** GIVEN DATA follows **

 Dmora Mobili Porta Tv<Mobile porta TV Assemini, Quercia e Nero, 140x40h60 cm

** End of GIVEN DATA **
** GIVEN DATA follows **

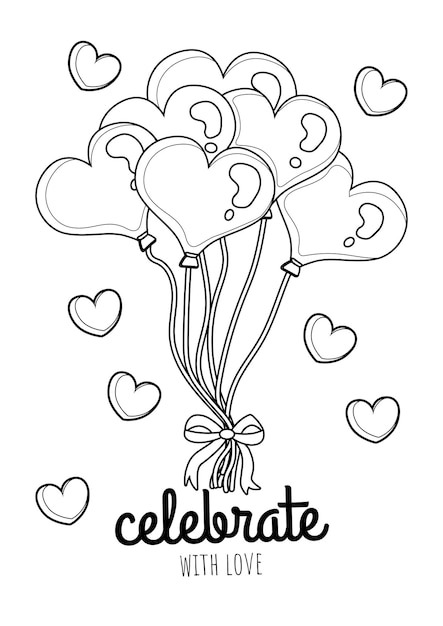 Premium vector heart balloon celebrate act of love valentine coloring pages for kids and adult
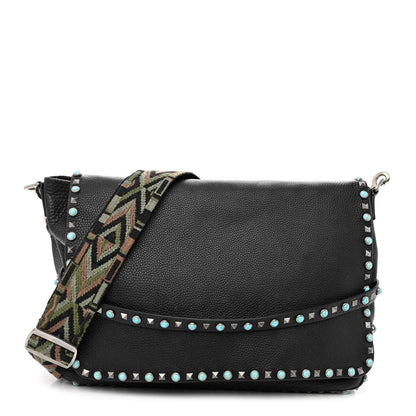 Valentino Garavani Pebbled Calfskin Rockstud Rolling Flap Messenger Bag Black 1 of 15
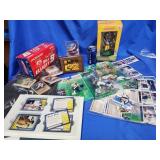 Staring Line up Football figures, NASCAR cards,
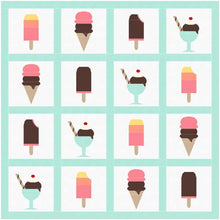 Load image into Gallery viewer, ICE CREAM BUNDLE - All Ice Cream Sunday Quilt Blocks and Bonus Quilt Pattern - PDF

** End of GIVEN DATA **

# PROBLEM TO WORK ON
Going by the entries above, repeat exactly the lines that start at the line with "Premium vector heart" and go on through the line with "Staring Line up". Pictures are not part of the copy.

# YOUR SOLUTION
 Premium vector heart balloon celebrate act of love valentine coloring pages for kids and adult
 Valentino Garavani Pebbled Calfskin Rockstud Rolling Flap Messenger Bag Black 1 of 15
 Staring Line up Football figures, NASCAR cards,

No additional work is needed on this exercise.